The careful examination of blood stained clothing can potentially provide information regarding the movements and activities of the wearer during a bloodshed event. The goal of this study is to aid the bloodstain pattern analyst during such examinations. Spatter and transfer stains were created on eleven types of fabric used commonly in the manufacture of clothing. The physical characteristics of the resulting stains including size, shape and penetration of the fabric structure were compared. Results indicate that physical characteristics alone may not be sufficient for distinguishing spatter from transfer stains. Others factors such as the quantity and distribution of stains and case factors should be carefully considered when making this distinction.
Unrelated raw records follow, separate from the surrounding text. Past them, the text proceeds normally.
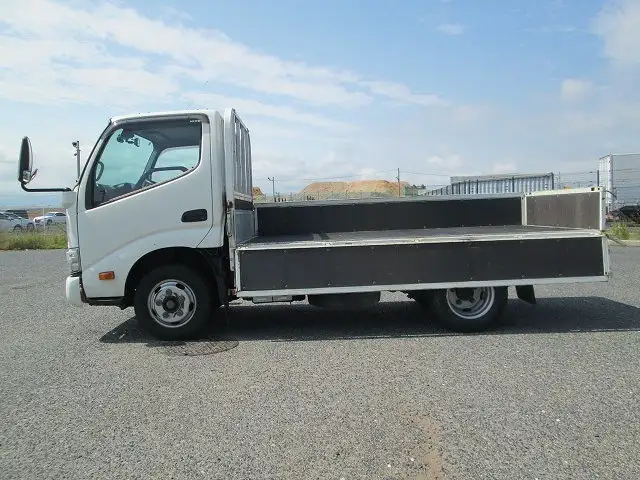 日野 デュトロ 小型 平ボディ 2RG-XZC605M R4の中古トラック画像8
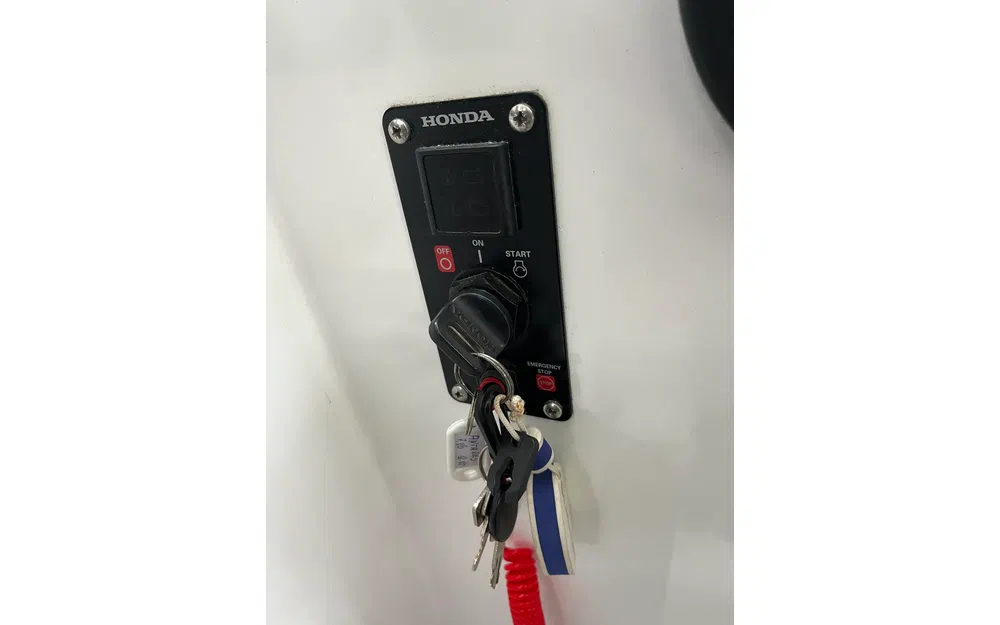 slider 20 Beneteau Antares 780 HB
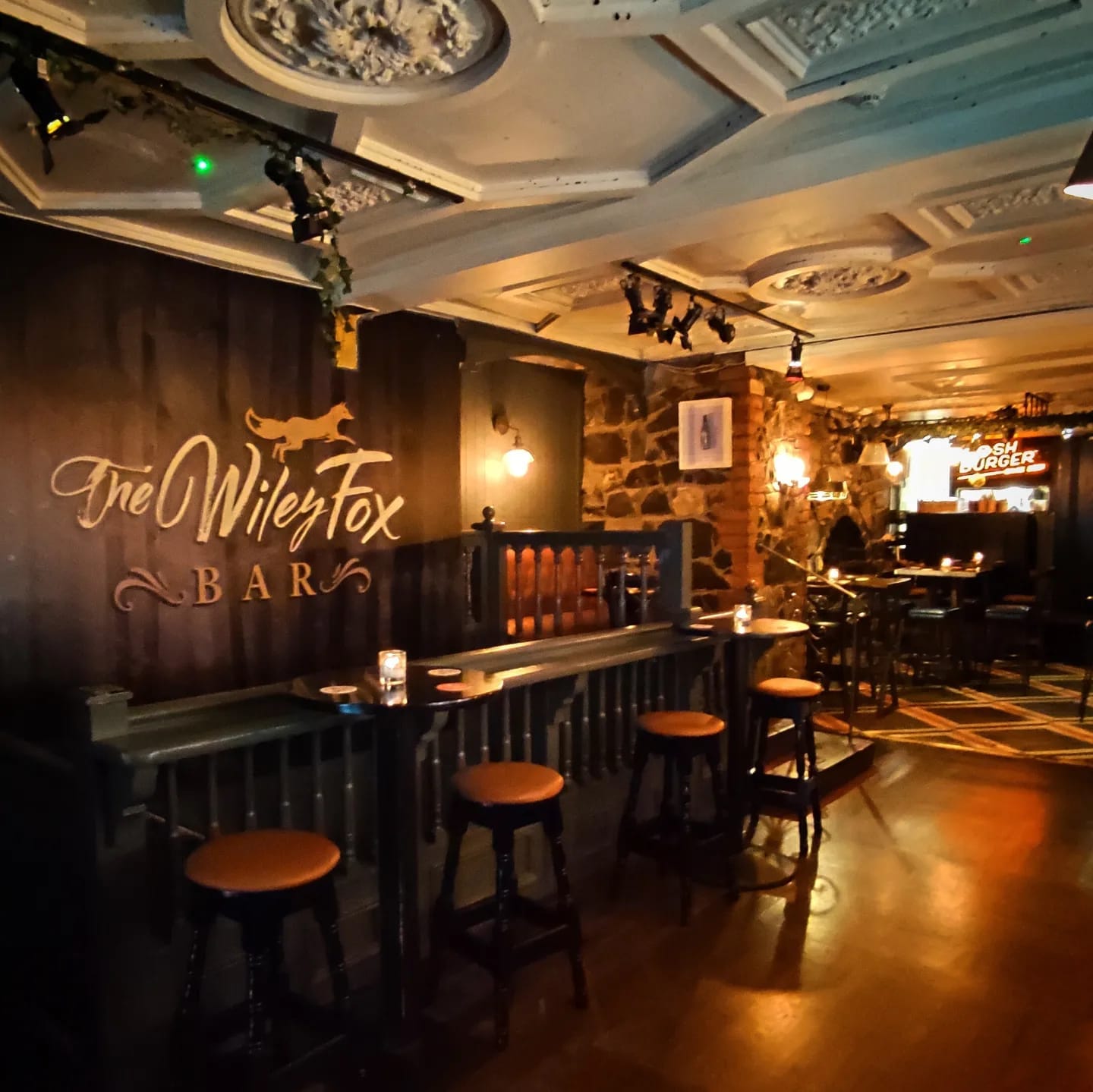 The Wiley Fox Main Bar 1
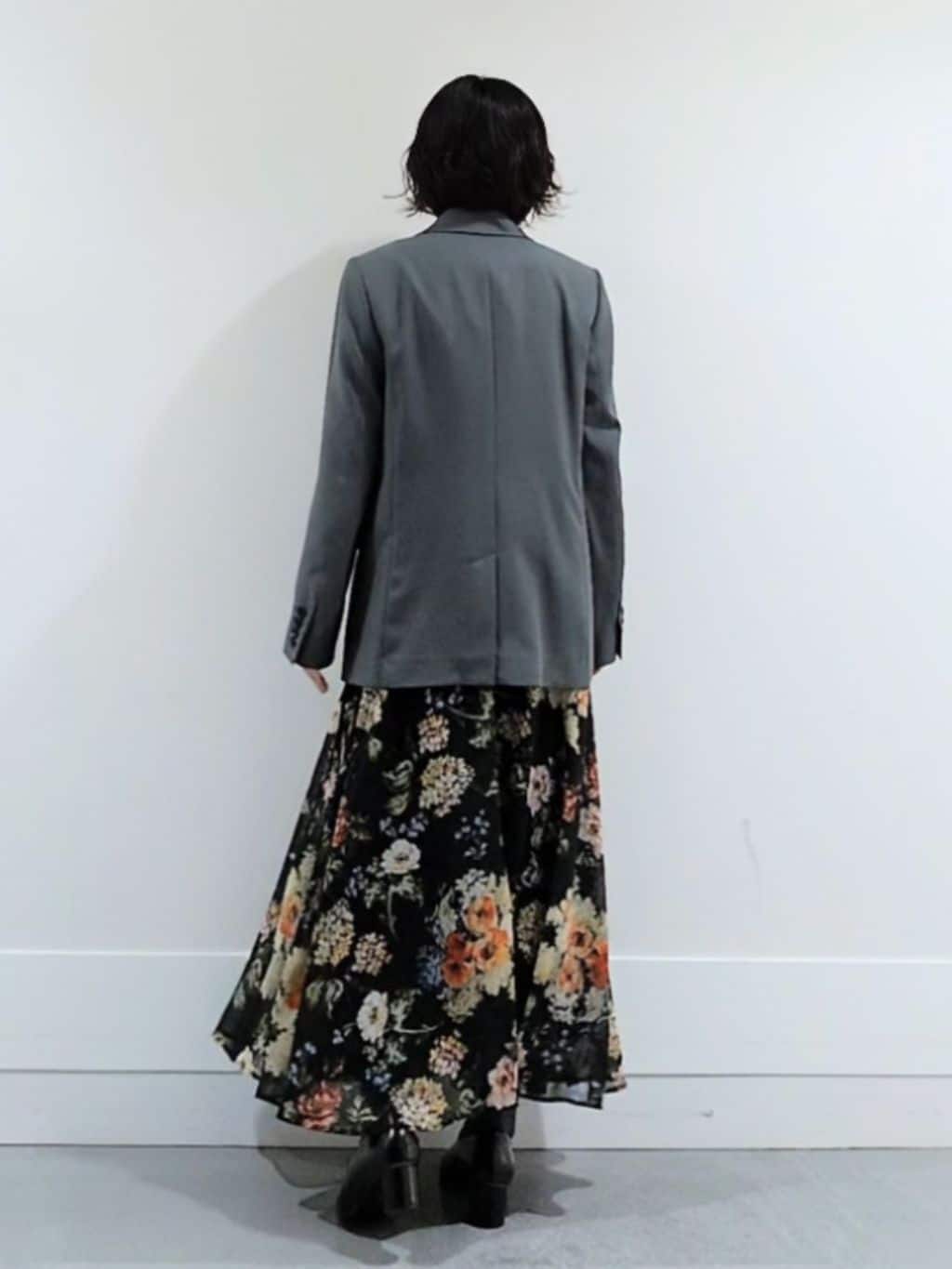 ミズタさんの「UNTITLED｜【セットアップ可】ウールライク ダブルブレストジャケット」を使ったコーディネート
Examination of blood stained clothing is a common request of the bloodstain pattern analyst. Given its potential to provide information about the movements and activities of the wearer, bloodstain pattern analysis may confirm or refute explanations for the presence of blood on his or her clothing. Of particular interest are spatter and transfer stains. These two broad categories of stains are commonly present in a bloodshed event, but are created by very different mechanisms. The ability to distinguish and correctly identify these stains is an important skill for any bloodstain pattern analyst who routinely examines clothing. The recent case of the Indiana v. Camm (1) brought this issue to the forefront of the bloodstain pattern community.
Much research has been published in other areas of bloodstain pattern analysis. However, the resources and reference material for examination of clothing are more limited. As with any other bloodstain, the target surface must be considered prior to evaluating the stain. Research has been published indicating that both texture and composition of a fabric will affect the resulting shape of a bloodstain. (2-4) This study will revisit the topic of fabric (5) as a target surface with a focus on spatter and distinguishing spatter from transfer.